The British may be underestimating their other Harold, Prime Minister Macmillan, who is every bit as wily as Wilsonand in office. If Macmillan holds off the election until next June, Tories say wistfully, Wilson's luster may have dimmed and their own limp fortunes revived. But even allowing for Labor's proved capacity for plucking defeat from the jaws of victory, most Conservatives last week agreed that their prospects have seldom been gloomier.
Brilliant Maneuvers. Harold Wilson's triumph went deep into the complex machinery of the Labor Party, and it was complete. Only a month earlier, Britain's Big Six unions indignantly rejected Wilson's plea for the "wage restraint," that he considers essential to successful economic expansion. But on the conference floor last week, bull-headed Ted Hill, the Boilermakers' union leader who headed the resistance, meekly announced that, in view of Wilson's plans to boost national production, the unions had decided to cooperate after all.

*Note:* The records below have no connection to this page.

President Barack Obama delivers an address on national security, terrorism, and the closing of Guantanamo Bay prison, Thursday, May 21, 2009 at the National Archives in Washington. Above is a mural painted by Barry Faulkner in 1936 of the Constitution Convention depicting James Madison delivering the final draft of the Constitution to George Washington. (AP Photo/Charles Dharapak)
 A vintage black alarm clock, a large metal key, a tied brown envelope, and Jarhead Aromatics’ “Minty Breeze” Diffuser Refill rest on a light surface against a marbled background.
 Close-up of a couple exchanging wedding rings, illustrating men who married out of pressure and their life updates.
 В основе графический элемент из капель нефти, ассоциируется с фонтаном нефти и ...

The most dramatic moment in the entire conference came in the midst of a speech by Deputy Leader George Brown, one of Wilson's most outspoken foes. Since his defeat for the leadership eight months ago, Brown and his sizable following had remained the last threat to Wilson's dominance. Turning abruptly to Wilson in mid-speech, he blurted: "As one who was not exactly happy about the outcome, I want to say now I am happy . . ." The rest of the sentence was drowned in a mighty roar of applause that only subsided a minute later when Wilson stood up and raised Brown's left arm in the champion's salute. Later, standing glowing in the wings, Wilson exclaimed: "That was the act of a big man."